Exercise:
Exactly the lines from the one with "Cassettiera moderna con" through the final line of the entries, and nothing else, should appear in the answer; no pictures go in it.

Given entries:
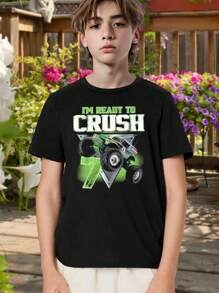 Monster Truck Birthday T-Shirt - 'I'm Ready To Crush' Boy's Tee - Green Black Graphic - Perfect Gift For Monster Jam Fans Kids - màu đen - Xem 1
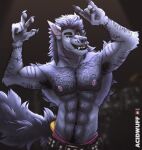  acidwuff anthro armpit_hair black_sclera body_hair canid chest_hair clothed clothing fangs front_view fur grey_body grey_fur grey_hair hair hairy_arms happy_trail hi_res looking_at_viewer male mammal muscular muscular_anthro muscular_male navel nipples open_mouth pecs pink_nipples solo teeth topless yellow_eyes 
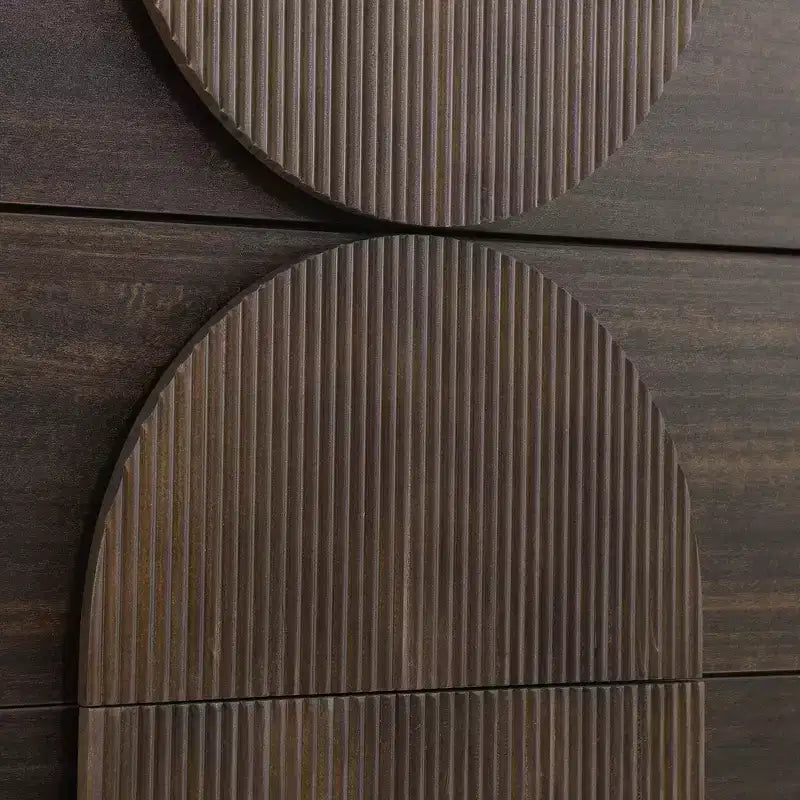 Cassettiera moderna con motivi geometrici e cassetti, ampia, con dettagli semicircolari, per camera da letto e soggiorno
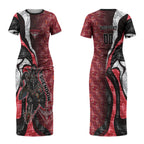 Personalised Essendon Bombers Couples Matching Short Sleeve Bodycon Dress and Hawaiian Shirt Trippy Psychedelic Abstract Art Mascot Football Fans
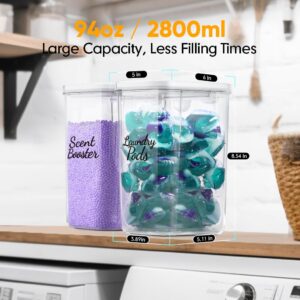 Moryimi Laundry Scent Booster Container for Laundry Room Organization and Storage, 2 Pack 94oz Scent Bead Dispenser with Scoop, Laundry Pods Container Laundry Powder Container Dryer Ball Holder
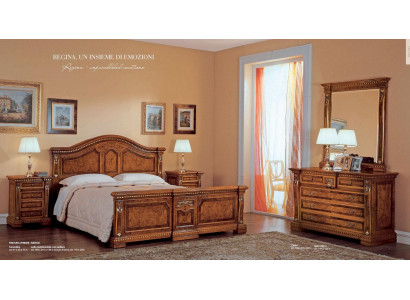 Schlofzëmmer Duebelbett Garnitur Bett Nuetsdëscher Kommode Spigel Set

Output below:
 Cassettiera moderna con motivi geometrici e cassetti, ampia, con dettagli semicircolari, per camera da letto e soggiorno
 Personalised Essendon Bombers Couples Matching Short Sleeve Bodycon Dress and Hawaiian Shirt Trippy Psychedelic Abstract Art Mascot Football Fans
 Moryimi Laundry Scent Booster Container for Laundry Room Organization and Storage, 2 Pack 94oz Scent Bead Dispenser with Scoop, Laundry Pods Container Laundry Powder Container Dryer Ball Holder
 Schlofzëmmer Duebelbett Garnitur Bett Nuetsdëscher Kommode Spigel Set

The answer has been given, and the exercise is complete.